Final grade estimation
In this subsection, we build a linear regression model for predicting the final grade in Eq. (1).
Grade
In order to run this regression, we separate the data into 10 subsets. We reserve one subset to test the model while we use the other subsets to train the model. As a next step, we repeat the regression for each subset used as a test set. It is the authors’ preference to trace the prediction error and to calculate the average of the 10 traced errors. This performance metric is called the cross-validation error. The algorithm is called Repeated K-fold cross-validation. We run a 10 cross-validation and we calculate the mean values for mean absolute error and root mean squared error. Furthermore, we use the Root Mean Squared error to calculate the average difference between the observed and the predicted values which the model produces. The Mean Absolute Error is a metric that we use instead of RMSE as it is less vulnerable to outliers.

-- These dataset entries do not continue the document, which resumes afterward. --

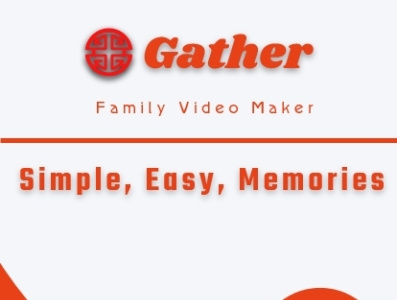 Gather - Family Video Maker | App UI Design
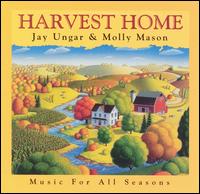Harvest Home: Music for All Seasons - Jay Ungar & Molly Mason
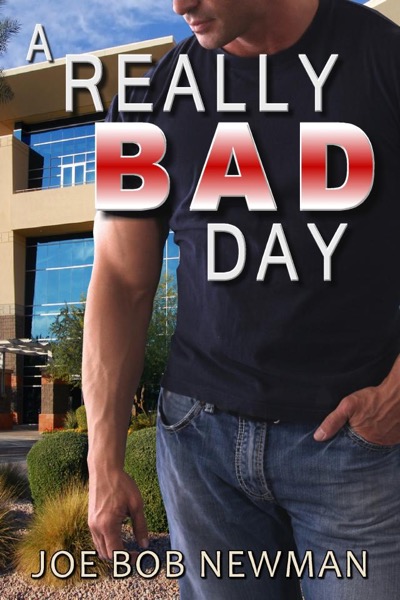 A Really Bad Day by Joe Bob Newman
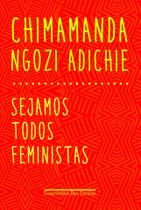 Sejamos Todos Feministas- Chimamanda Ngozi Adichie - Companhia das letras Sejamos Todos Feministas- Chimamanda Ngozi Adichie - Companhia das letras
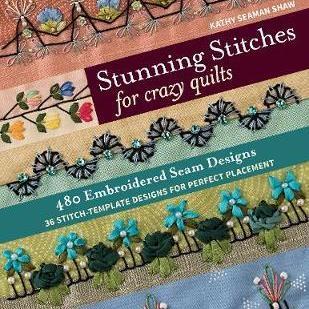 Stunning Stitches for Crazy Quilts by Kathy Shaw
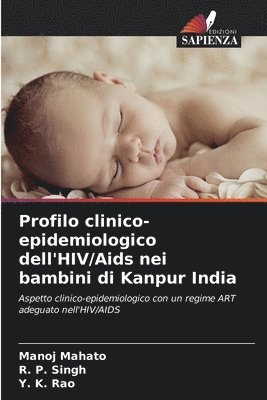 bokomslag Profilo clinico-epidemiologico dell'HIV/Aids nei bambini di Kanpur India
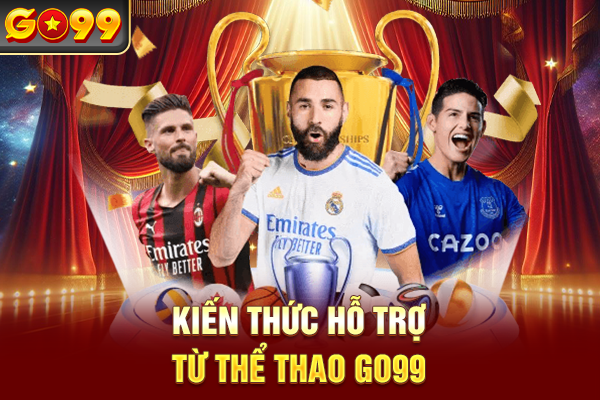 Kiến thức hỗ trợ từ thể thao Go99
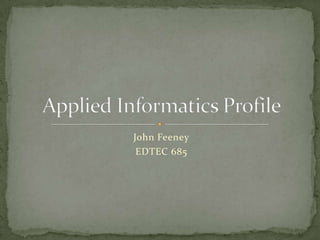 John Feeney EDTEC 685 Applied Informatics Profile 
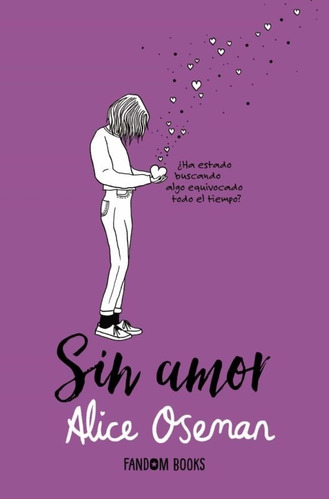 Libro Sin Amor - Oseman, Alice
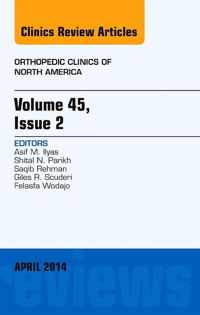 Volume 45, Issue 2, An Issue of Orthopedic Clinics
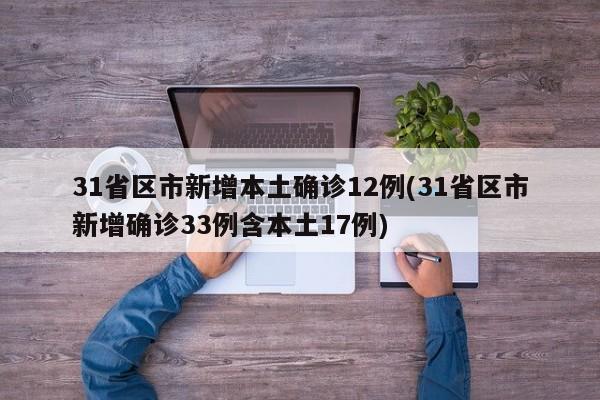 31省区市新增本土确诊12例(31省区市新增确诊33例含本土17例)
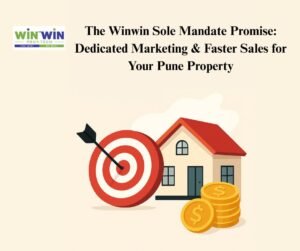 The Winwin Sole Mandate Promise: Dedicated Marketing & Faster Sales for Your Pune Property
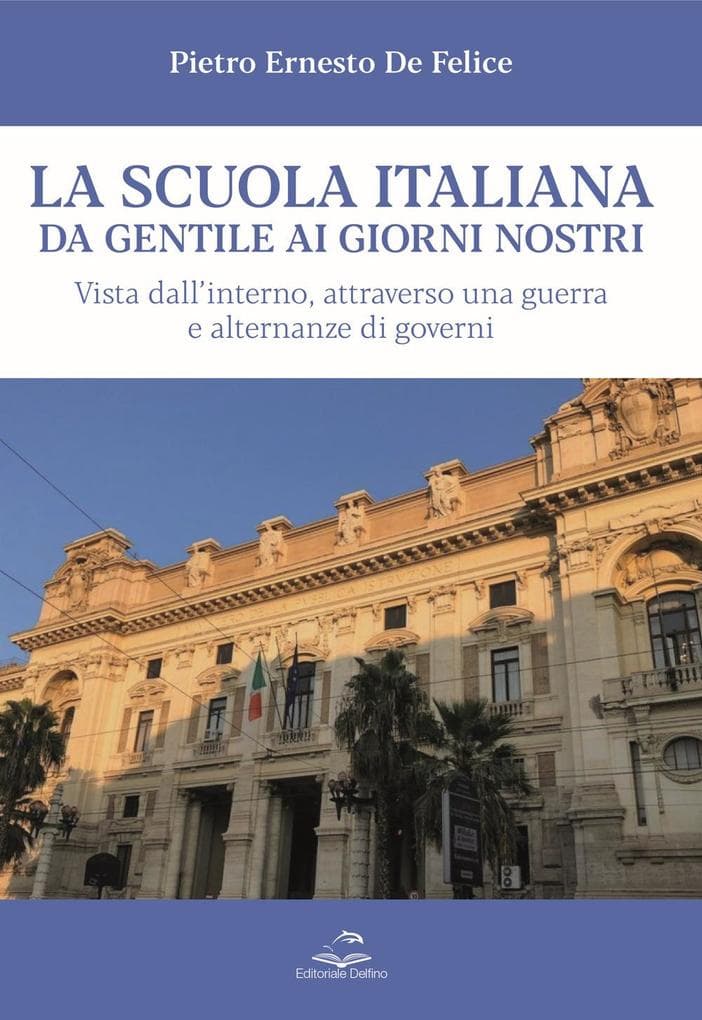 La scuola italiana da Gentile ai giorni nostri. Vista dall'interno, attraverso una guerra e alternanze di governi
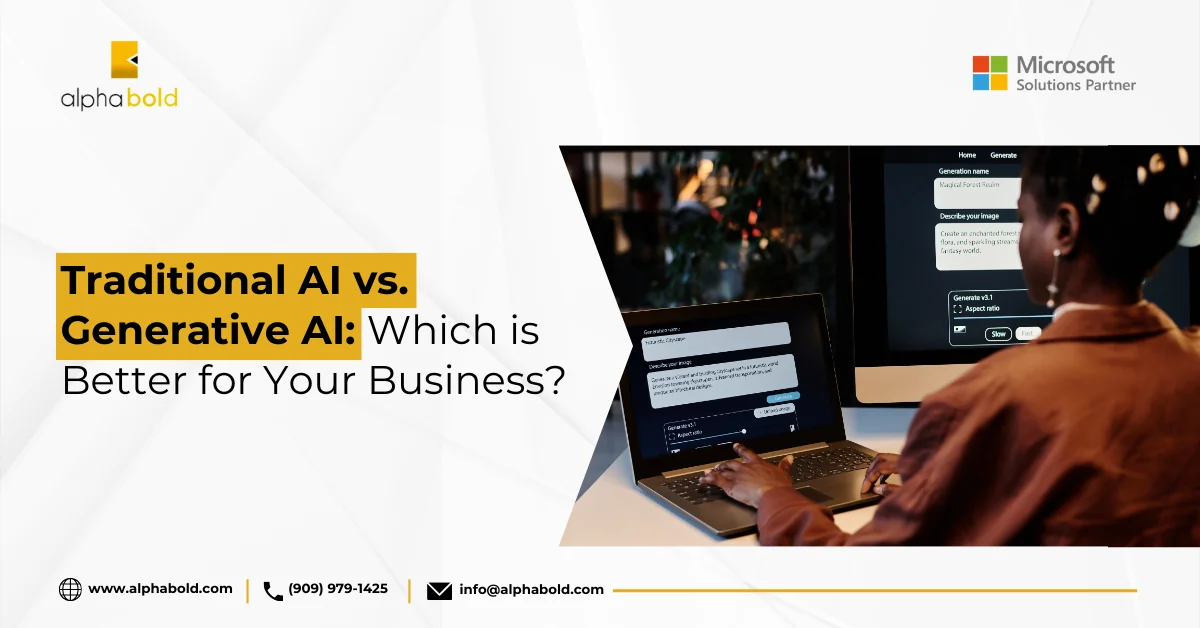 Traditional AI vs. Generative AI Which is Better for Your Business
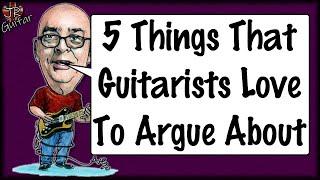 5 Things Guitarists Love To Argue About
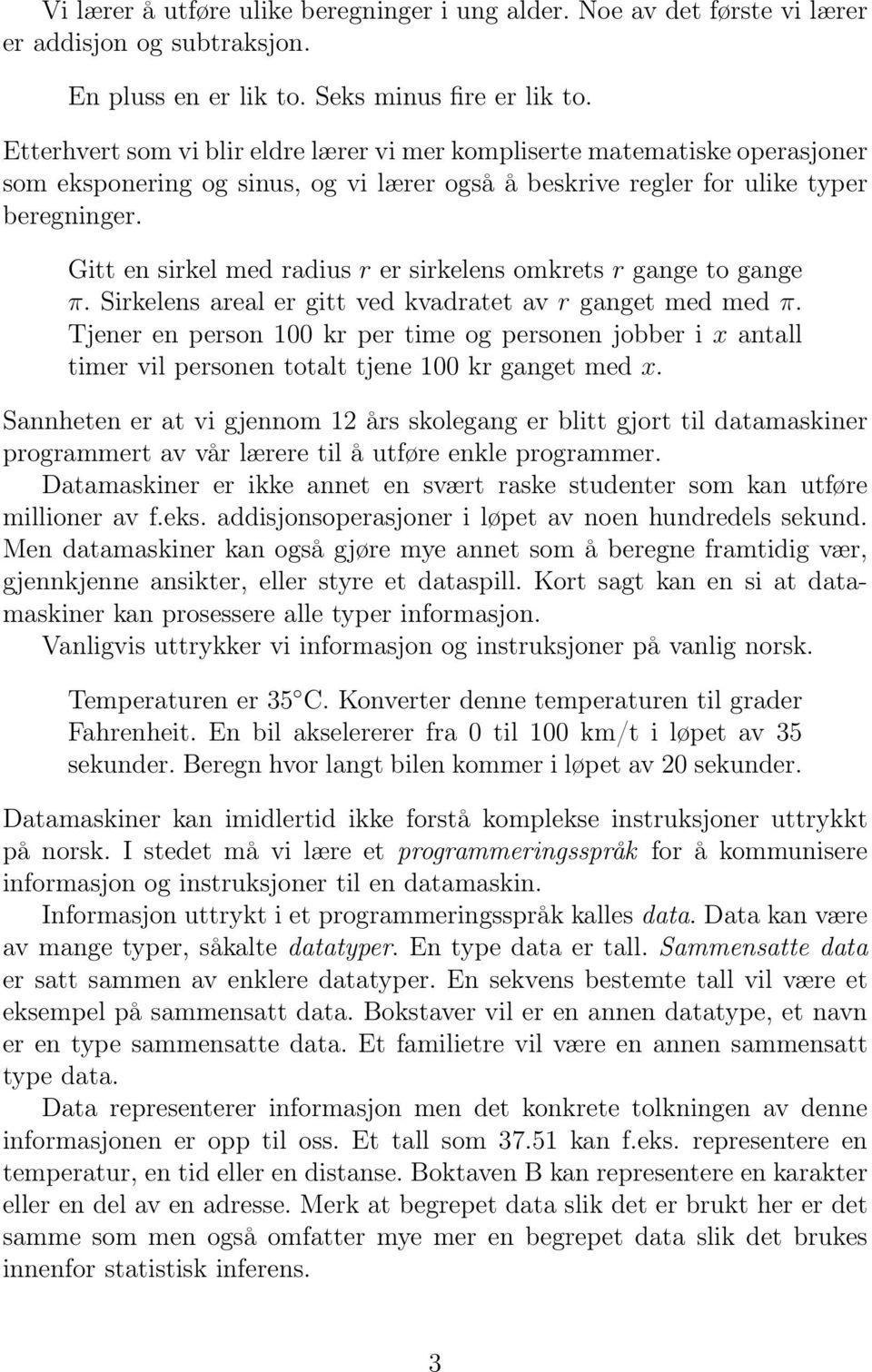 Gitt en sirkel med radius r er sirkelens omkrets r gange to gange π. Sirkelens areal er gitt ved kvadratet av r ganget med med π.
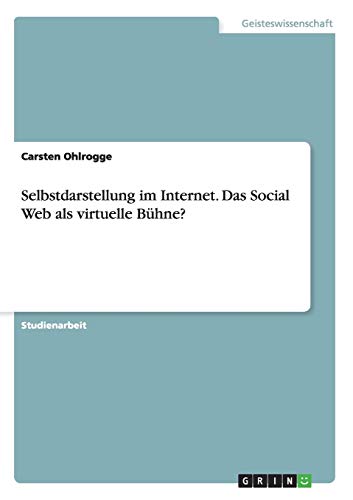 Selbstdarstellung im Internet. Das Social Web als virtuelle Bühne?
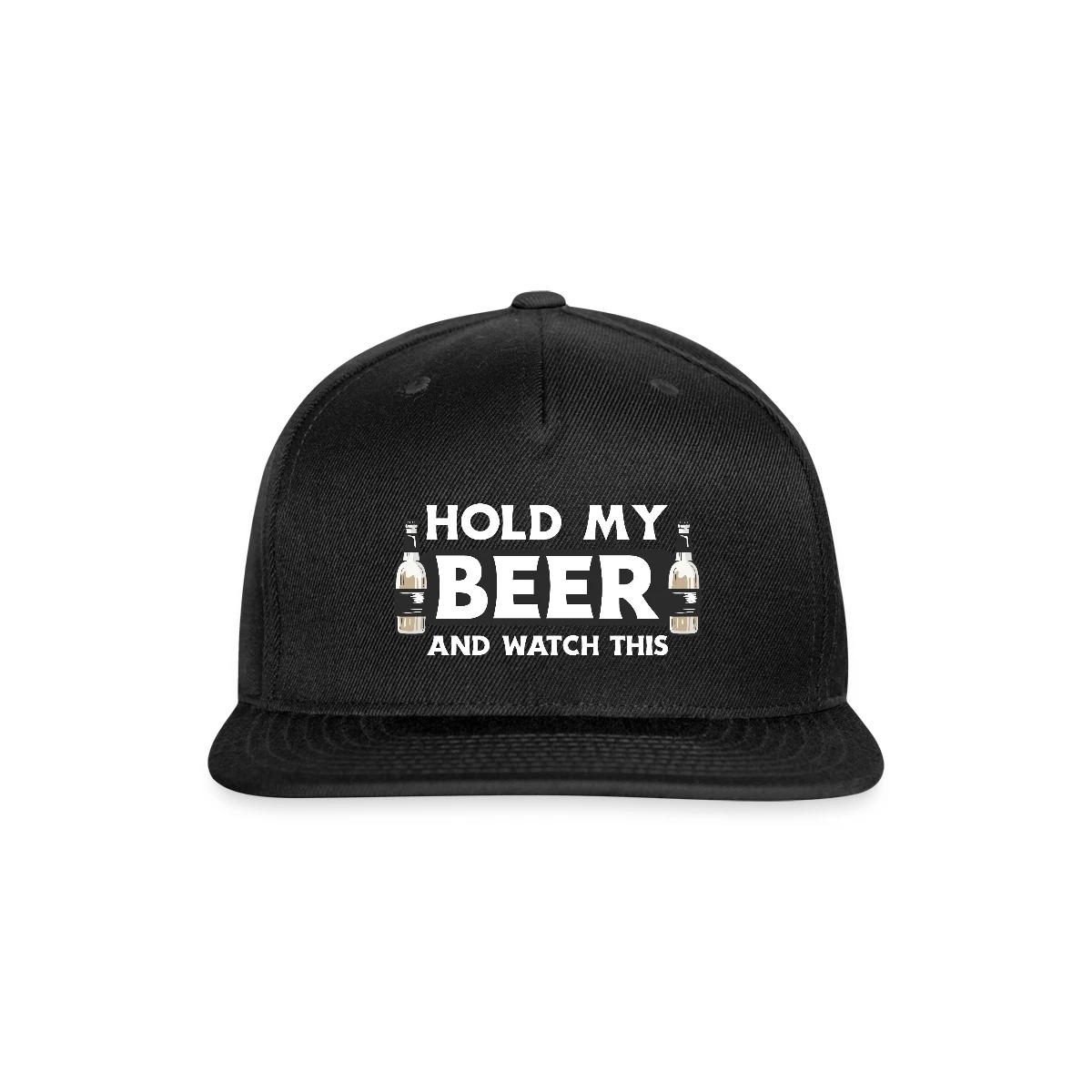 Hold my beer and watch this - Snapback cap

Mean Absolute Error: 1.7958424729267497 Root Mean Squared Error: 2.2347550840313413
Discussion and concluding remarks
In this study, we investigate the effectiveness of active learning algorithms to predict students’ performance (pass or fail) in a distance learning undergraduate course module in the HOU. The prediction focuses on the grades achieved in the students’ final exams. The prediction of the students’ performance has been an interesting and highly important research topic for educational institutions in the recent years. Identifying as soon as possible, the low performers in a class, could lead to the development of personalized learning strategies for enhancing the learning outcomes, in accordance with the learning profile.
In order to approach this matter with artificial intelligence techniques, we combine several machine learning algorithms to predict the students’ performance. The most significant factors for the prediction are their grades in Project3, Project4, and Project1. The performance of each algorithm is calculated with cross-validation. We calculate the mean score for the importance of each feature. Then we calculate the distribution of the mean scores in each iteration of the Feature Importance method. Hence, we are capable to identify the feature importance metric which affects the algorithm performance. Furthermore, we can find a unique solution by employing Game Theory and Shapley values applied to a weighted linear regression. The average difference between the observed and the predicted values of the model are measured with the Root Mean Squared error or with the Mean Absolute Error.
We employ a generalized procedure based on votes. By using the classification algorithms which correspond to the three best accurate estimations we prove that they perform better than any single balanced learning algorithm.
There is a clear need for further insights into ascertaining the salient features that contribute to both a highly predictive and explanatory model. In future work, we will explore these features. Moreover, as a test benchmark, we will use data mining techniques to explore the students’ socialization during the contact sessions with associations among variables. In addition, we will cluster the students with similar performance and presence in the Contact Sessions with fuzzy classification. The sequences of presence in Contact Sessions and grades achieved in the submitted projects will be explored with hidden Markov models.